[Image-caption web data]
=== Begin Enclosure ===
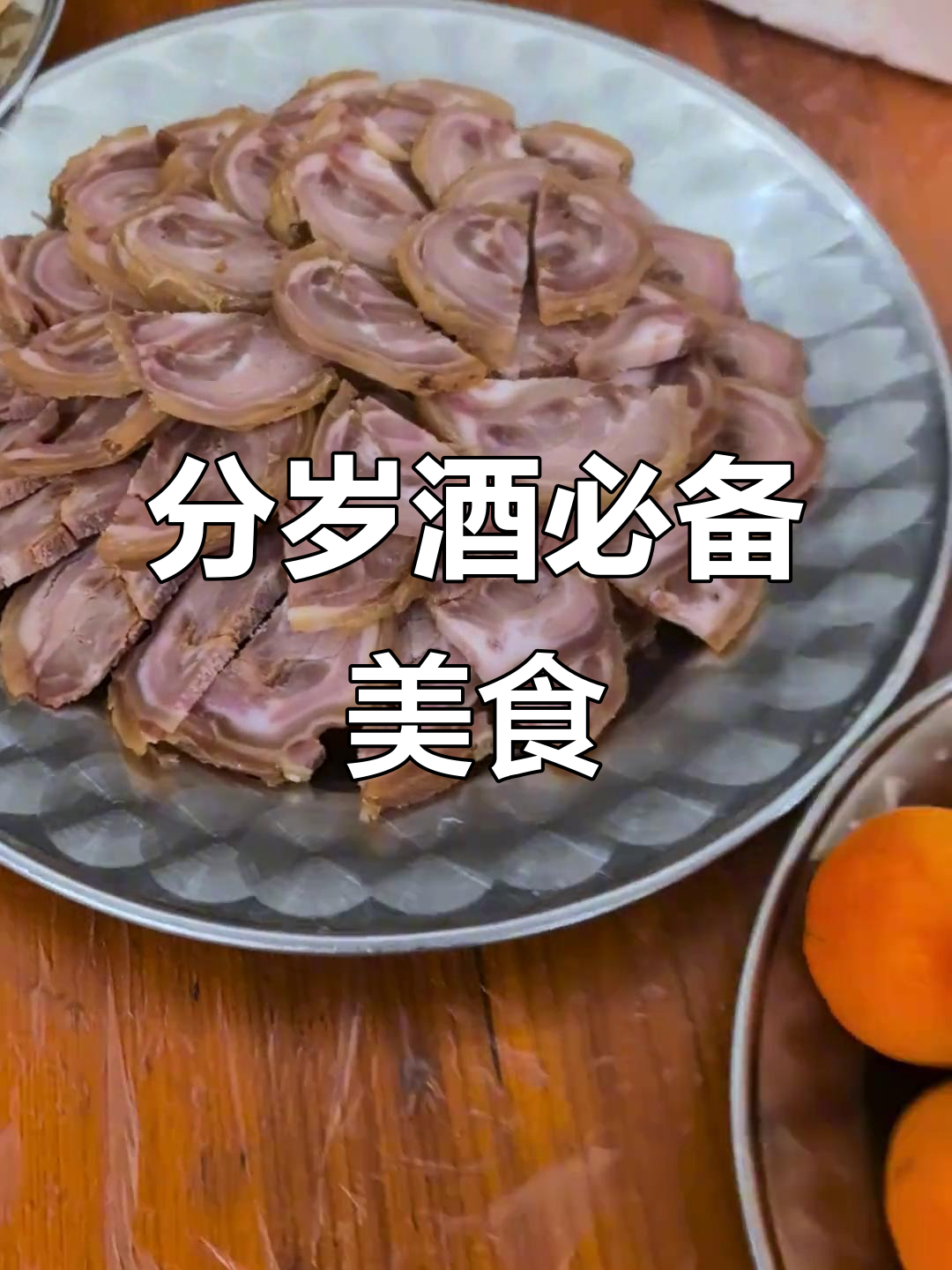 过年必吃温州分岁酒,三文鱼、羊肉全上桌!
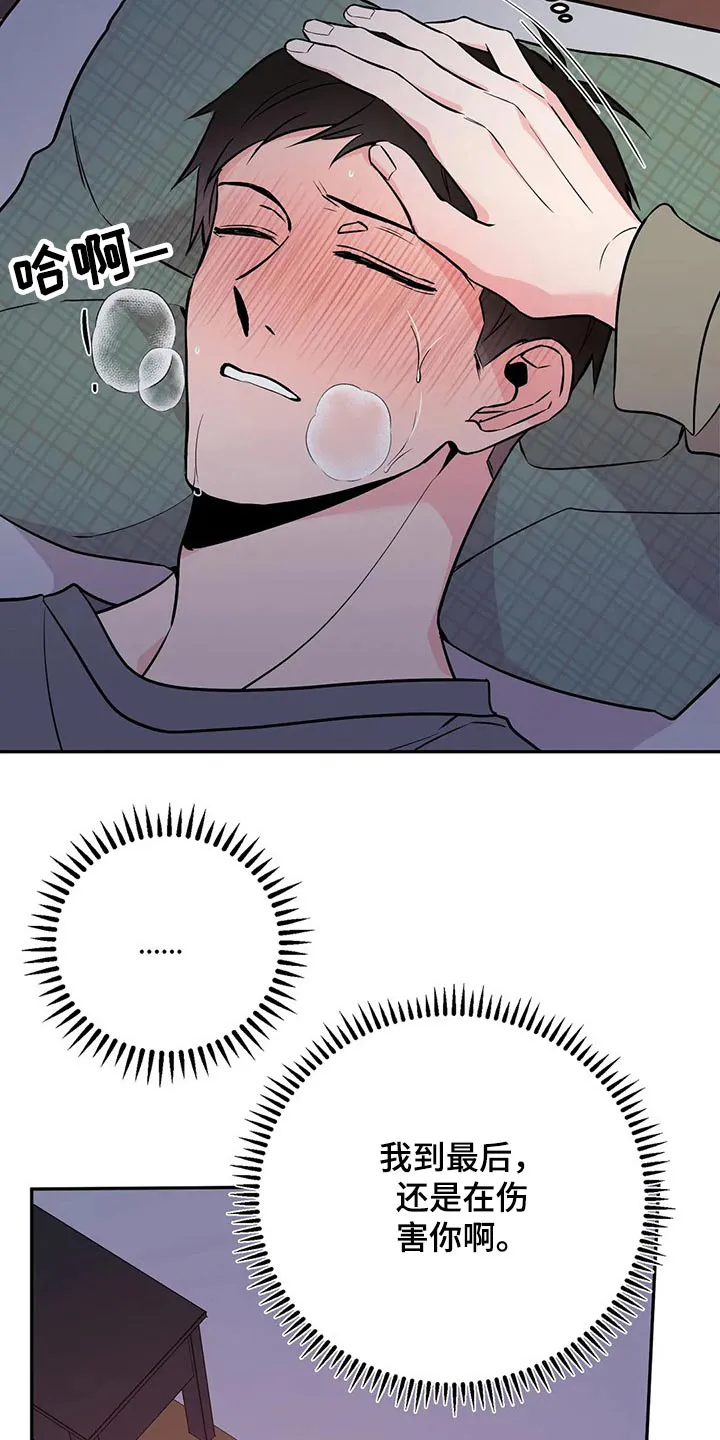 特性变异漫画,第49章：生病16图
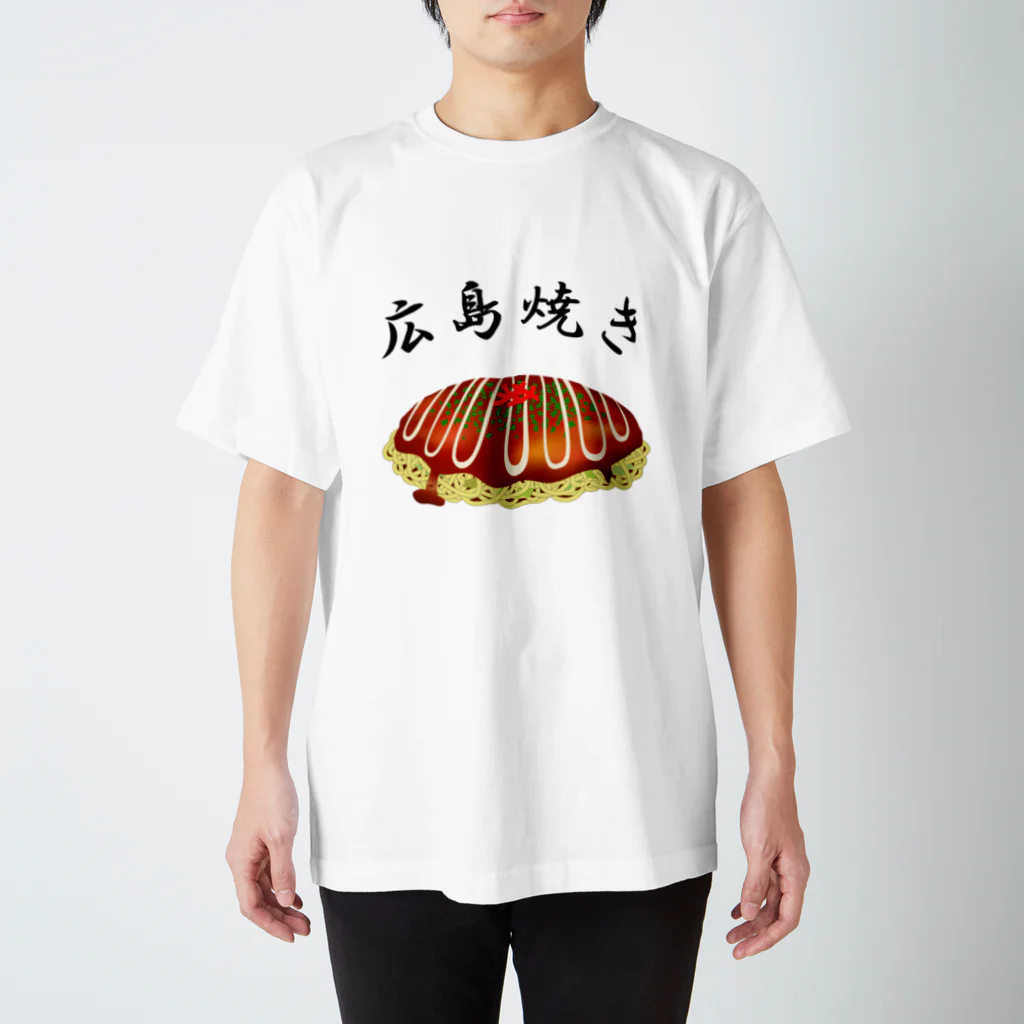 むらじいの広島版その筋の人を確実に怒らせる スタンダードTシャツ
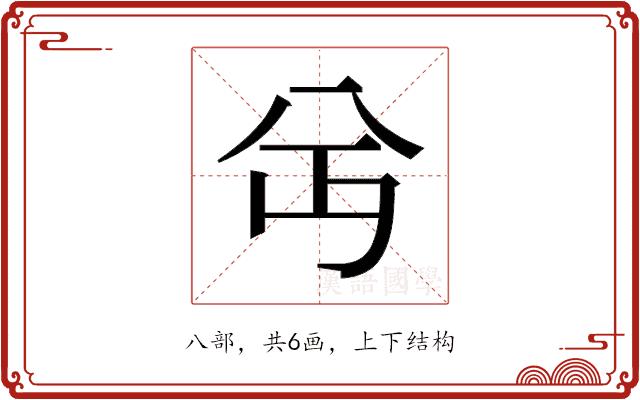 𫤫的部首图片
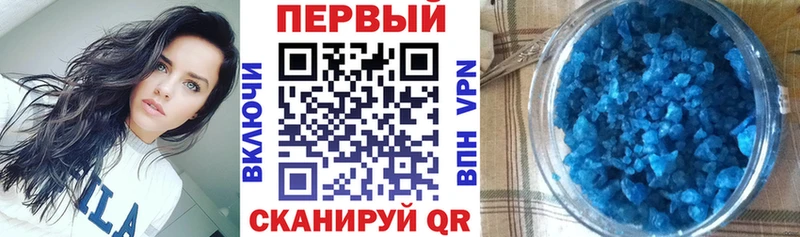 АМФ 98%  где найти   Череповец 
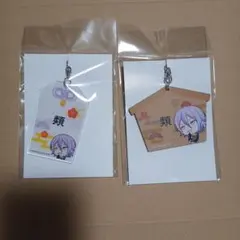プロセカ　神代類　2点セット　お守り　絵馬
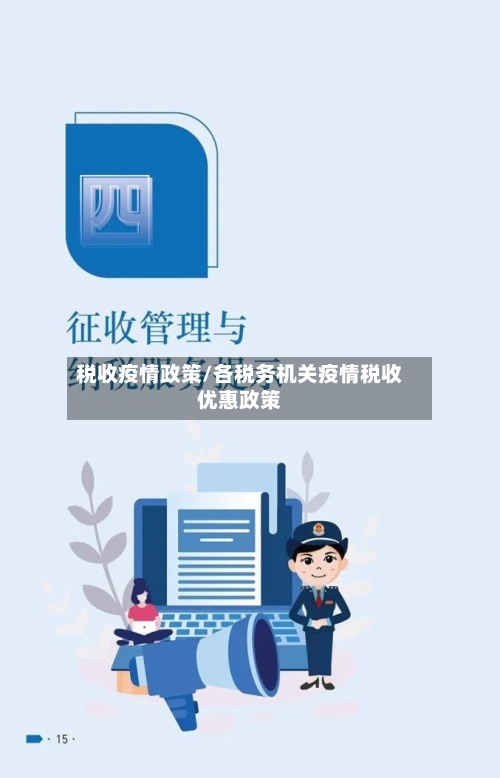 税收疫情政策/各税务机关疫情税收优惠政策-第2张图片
=== End Enclosure ===
- WHAT YOU ARE ASKED TO DO: In the copy, include exactly the lines from the one with "むらじいの広島版その筋の人を確実に怒らせる スタンダードTシャツ" through the final line of the entries above, both ends counted, and no pictures.

- SOLUTION TO THIS EXERCISE:
 むらじいの広島版その筋の人を確実に怒らせる スタンダードTシャツ
 𫤫的部首图片
 АМФ 98%  где найти   Череповец 
プロセカ　神代類　2点セット　お守り　絵馬
 税收疫情政策/各税务机关疫情税收优惠政策-第2张图片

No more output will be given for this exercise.